_Problem to work on_
When you copy the entries, keep every word exactly as it is and drop the images.

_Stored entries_
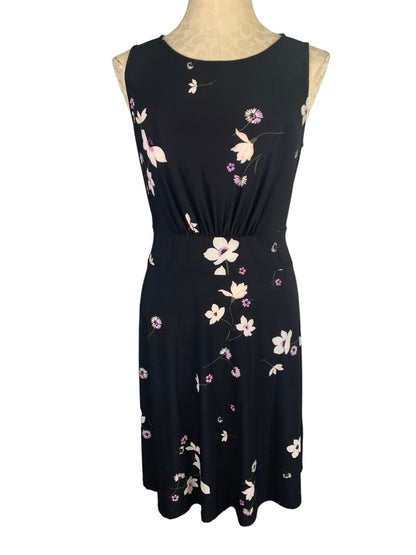 Medium Chaps Women's Floral Print Black Dress Sleeveless Tie Waist Back Zip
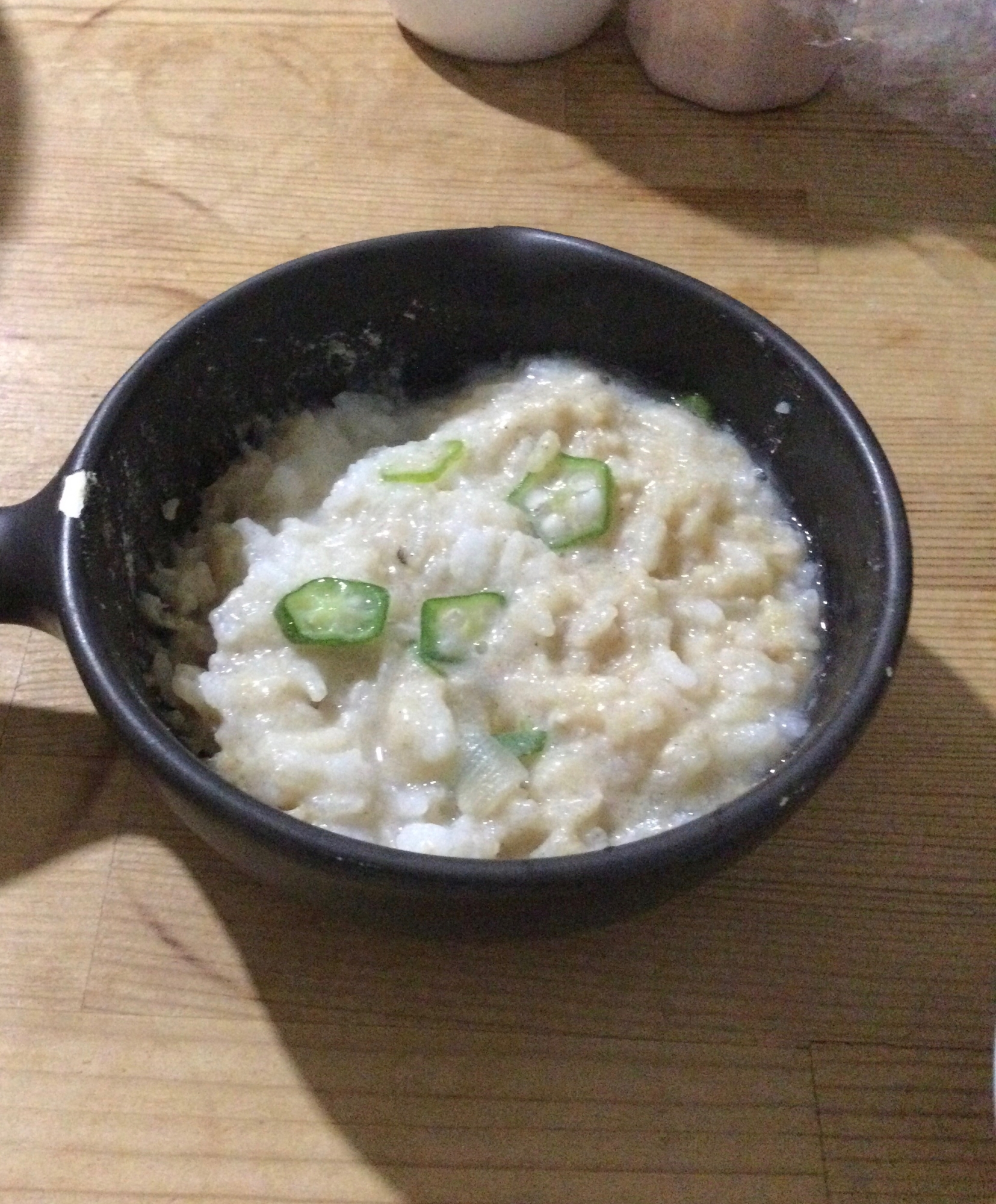 オクラそば粉入りおじや♪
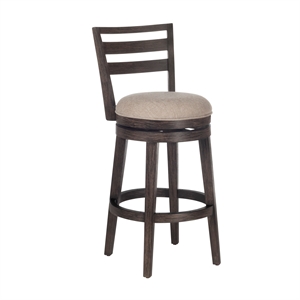 Hillsdale Forest Isles Commercial Grade Wood Bar Height Swivel Stool in Gray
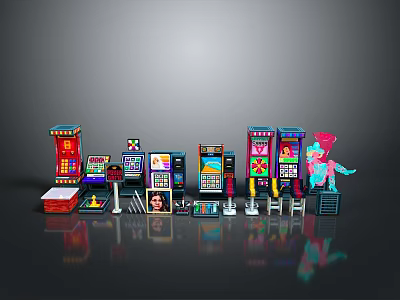 Various Colorful Arcade Game Machines Collection With Cartoon Character On Dark Background 3d model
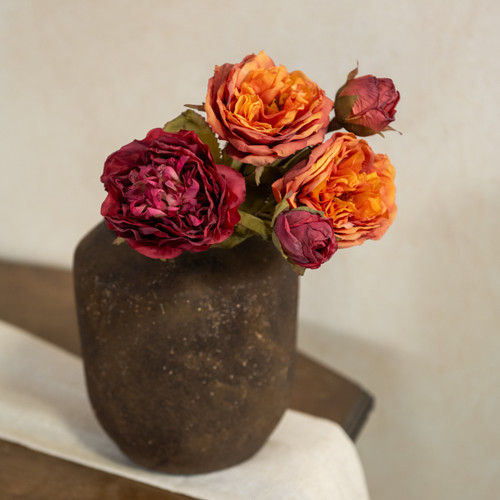 14" ORANGE & BURGUNDY DRIED ROSE BUNDLE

_Answer space_
 Medium Chaps Women's Floral Print Black Dress Sleeveless Tie Waist Back Zip
 オクラそば粉入りおじや♪
 Hillsdale Forest Isles Commercial Grade Wood Bar Height Swivel Stool in Gray
 Various Colorful Arcade Game Machines Collection With Cartoon Character On Dark Background 3d model
 14" ORANGE & BURGUNDY DRIED ROSE BUNDLE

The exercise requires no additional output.